Short text fragments from websites

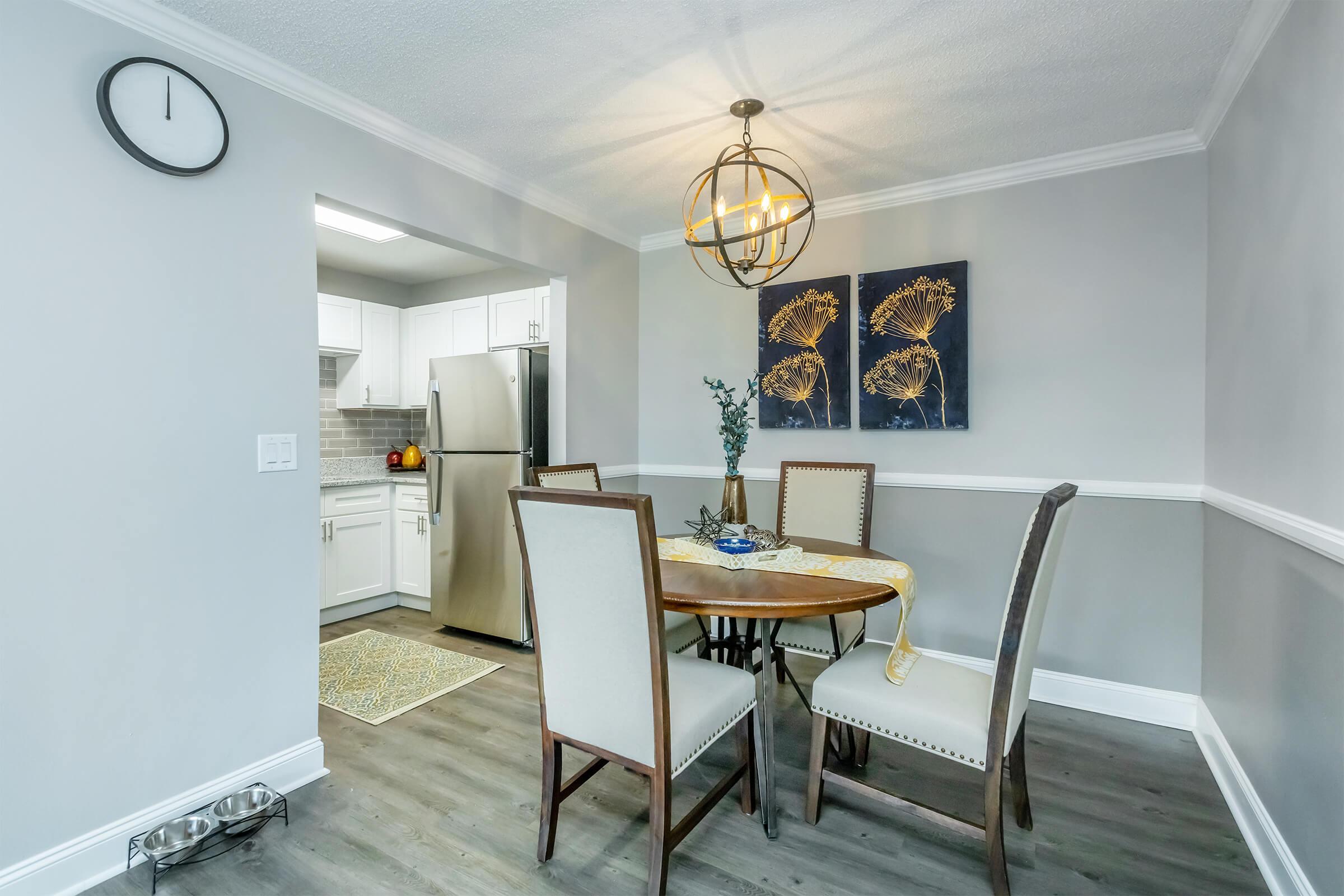 A modern dining area featuring a round table with four upholstered chairs. On the table sits a decorative plate and a small vase with greenery. The walls are painted in light gray, complemented by a wainscoting detail. A stylish light fixture hangs above, and a clock is mounted on the wall. A kitchen is visible in the background.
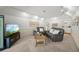 Bright living room featuring neutral colors, comfortable seating, and access to other areas of the home at 700 Tropical Cir, Sarasota, FL 34242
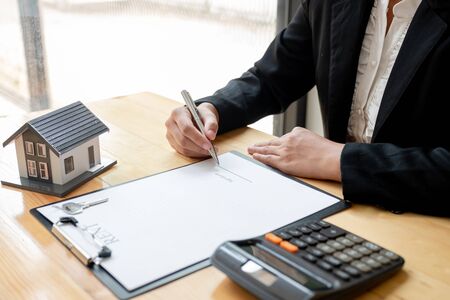 agents working in real estate investment and home insurance signing contracts in accordance with home buying insurance agreements approving purchases for clients.の写真素材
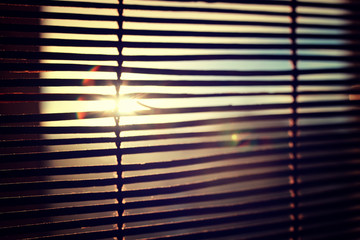 sun shining through the blinds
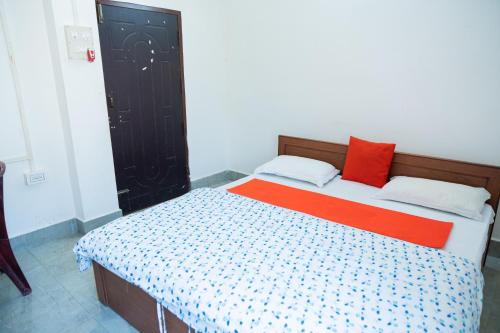 a bedroom with a bed with an orange and blue comforter at JRB RESIDENCY in Dibrugarh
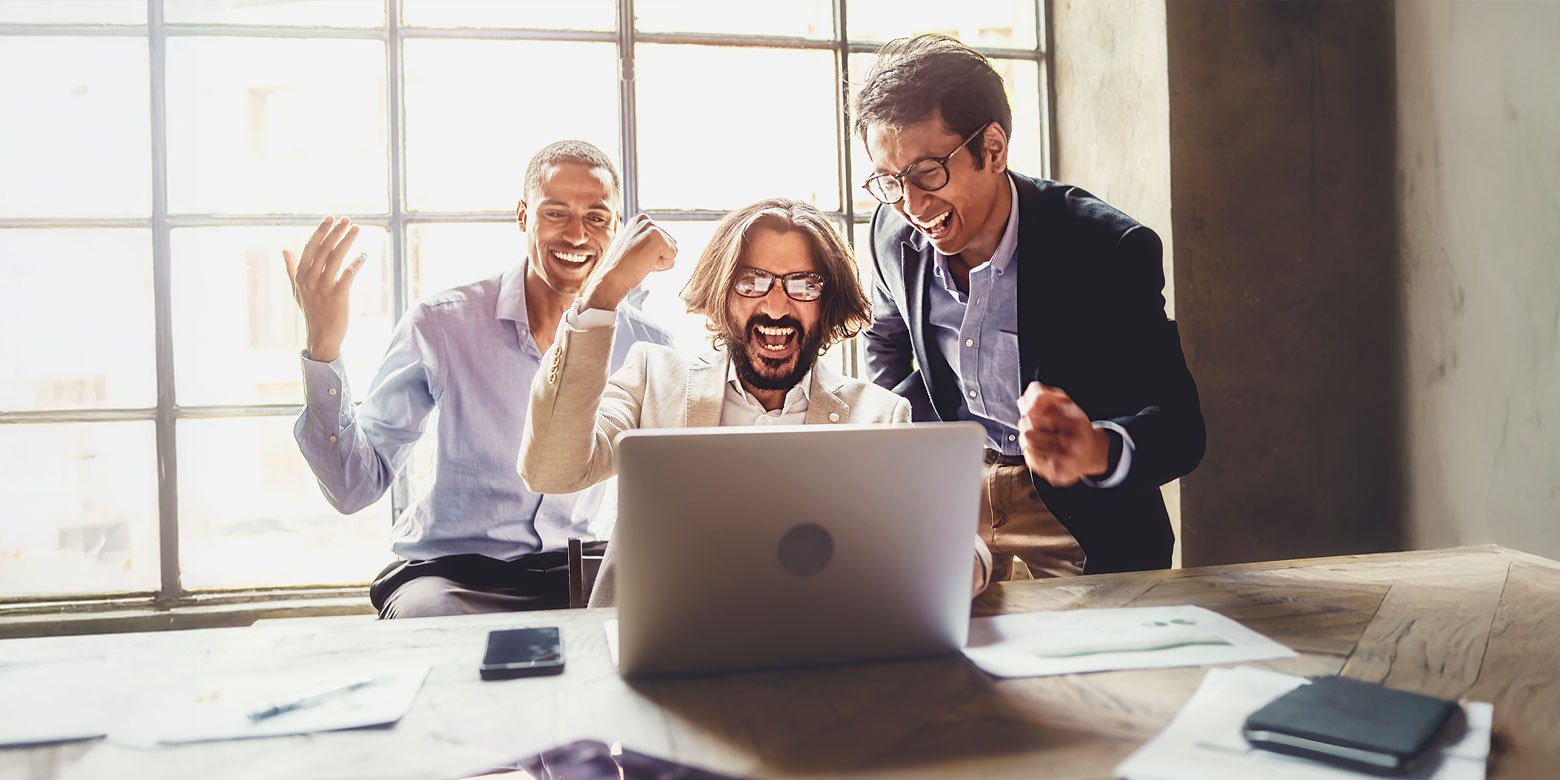 Three men cheering looking at a computer screen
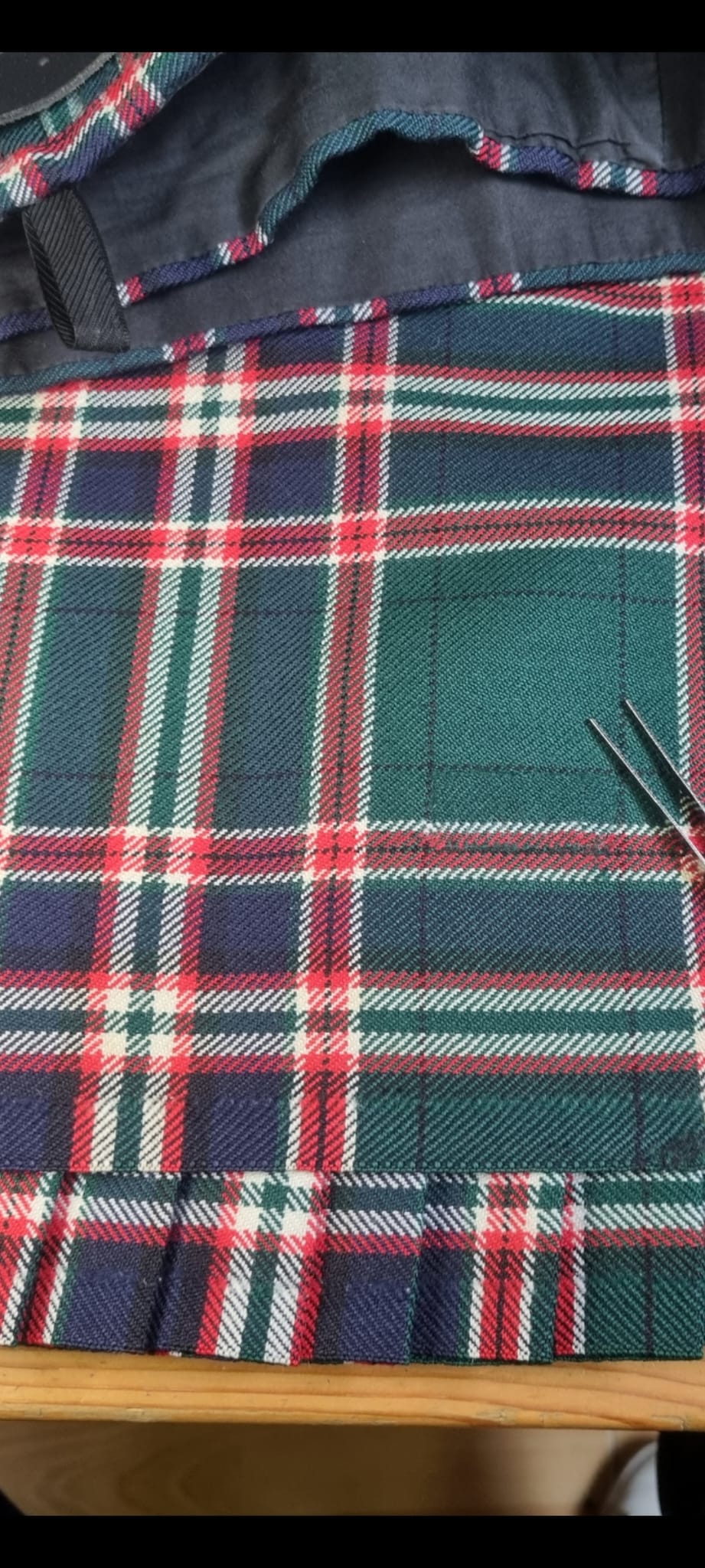 Red and green tartan kilt after sectional reweave and pattern restoration.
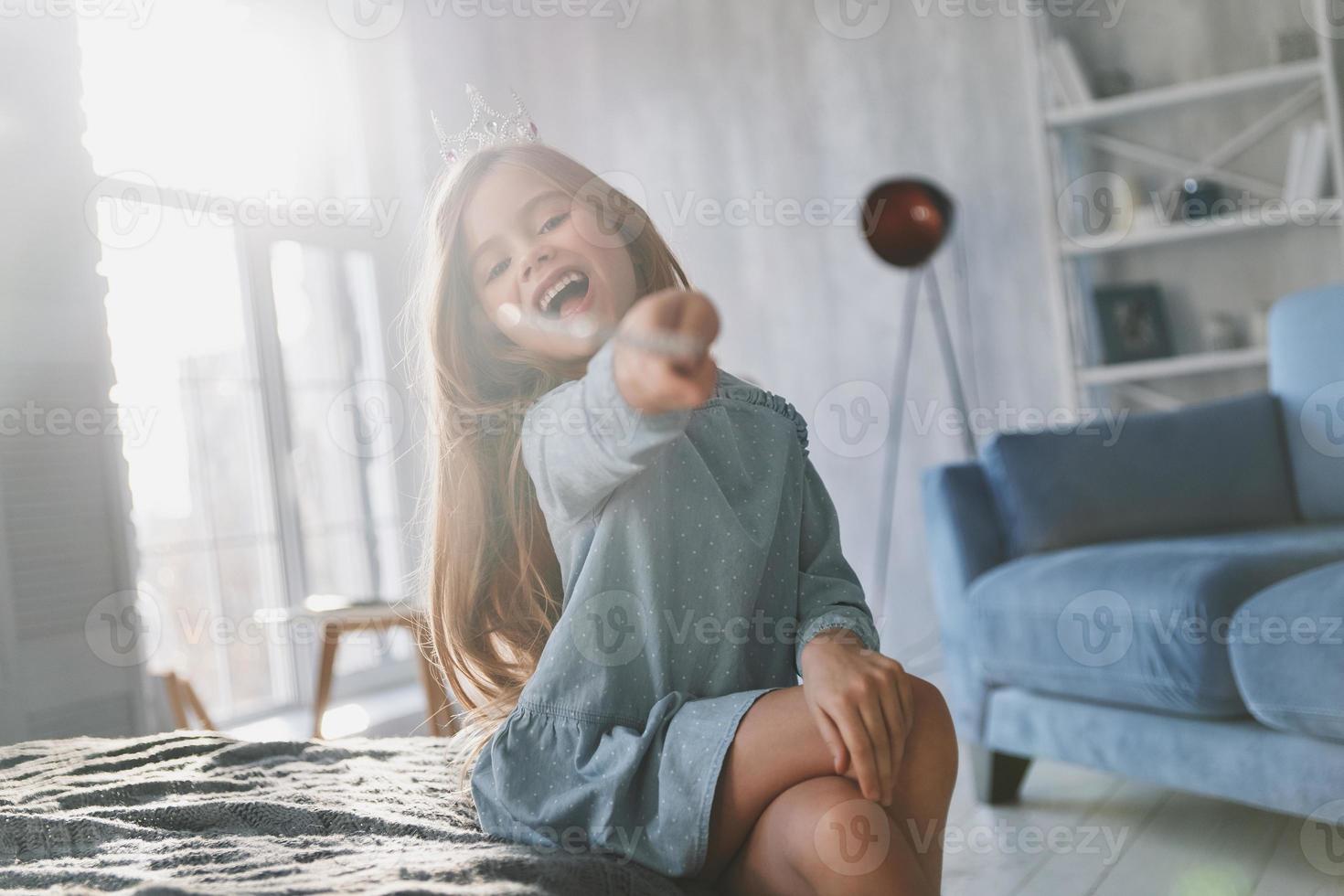 truco de magia. linda niña jugando con una varita mágica y mirando a la cámara mientras pasa tiempo en casa foto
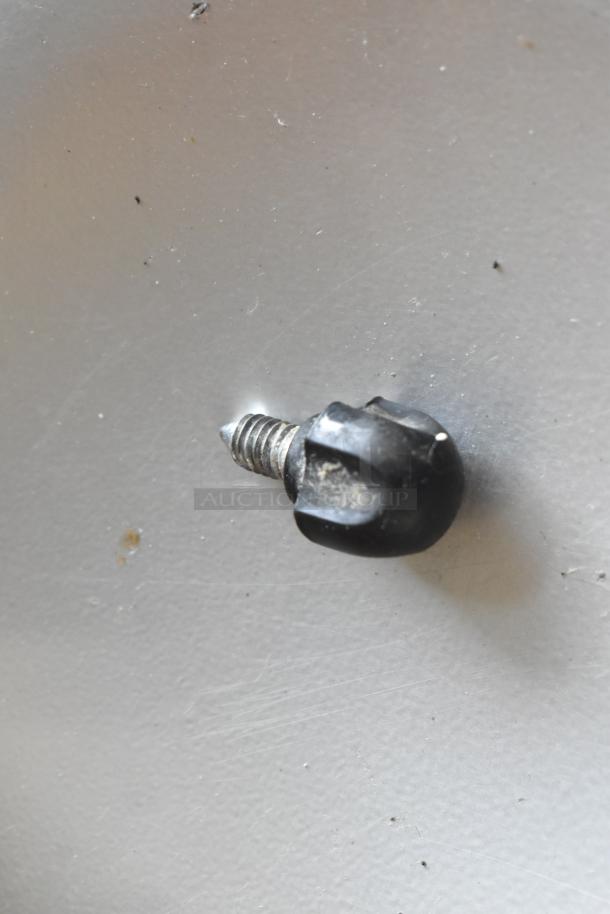 A black knob with attached screw, likely a component for assembly or repair. Slightly worn with visible scratches.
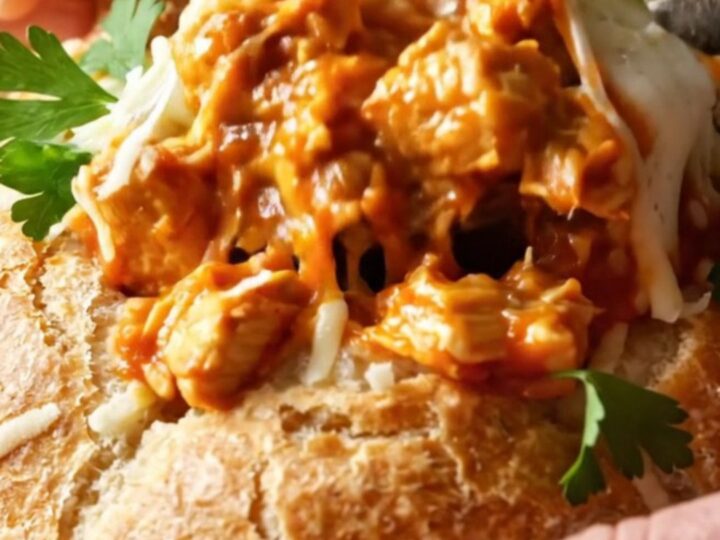 Golden bread pot casserole with melted mozzarella and a bread lid on top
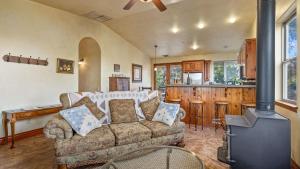 a living room with a couch and a stove at Vita Amorosa by AvantStay in Atascadero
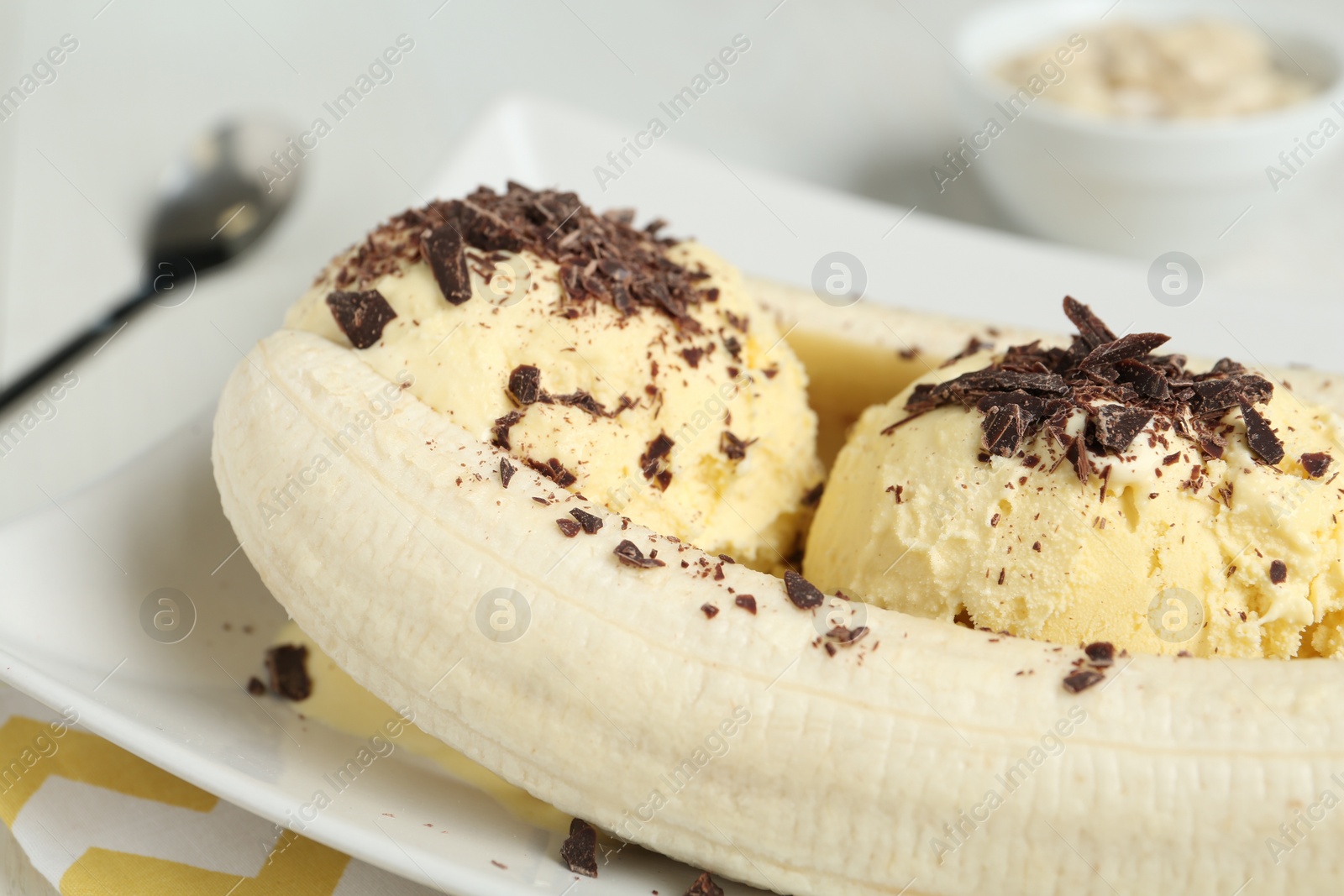 Photo of Delicious banana split ice cream on table, closeup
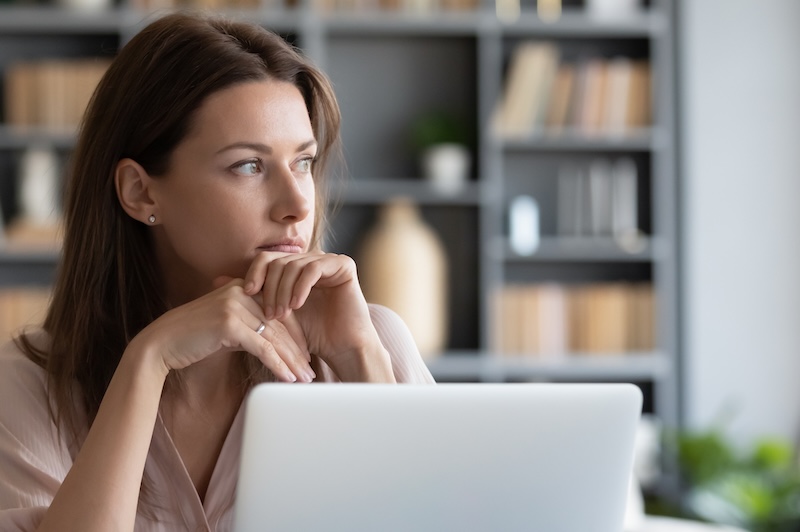 Pensive millennial girl sit at desk look in window distance thinking or dreaming visualizing, thoughtful young woman distracted from computer work pondering over problem solution, lost in thoughts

◆ YOUR OBJECTIVE: The answer must consist solely of the lines from the line containing "A black knob" to the end of the data, reproduced exactly, with every picture left out.

◆ FINISHED TASK:
 A black knob with attached screw, likely a component for assembly or repair. Slightly worn with visible scratches.
 Golden bread pot casserole with melted mozzarella and a bread lid on top
 a living room with a couch and a stove at Vita Amorosa by AvantStay in Atascadero
 Photo of Delicious banana split ice cream on table, closeup
 Pensive millennial girl sit at desk look in window distance thinking or dreaming visualizing, thoughtful young woman distracted from computer work pondering over problem solution, lost in thoughts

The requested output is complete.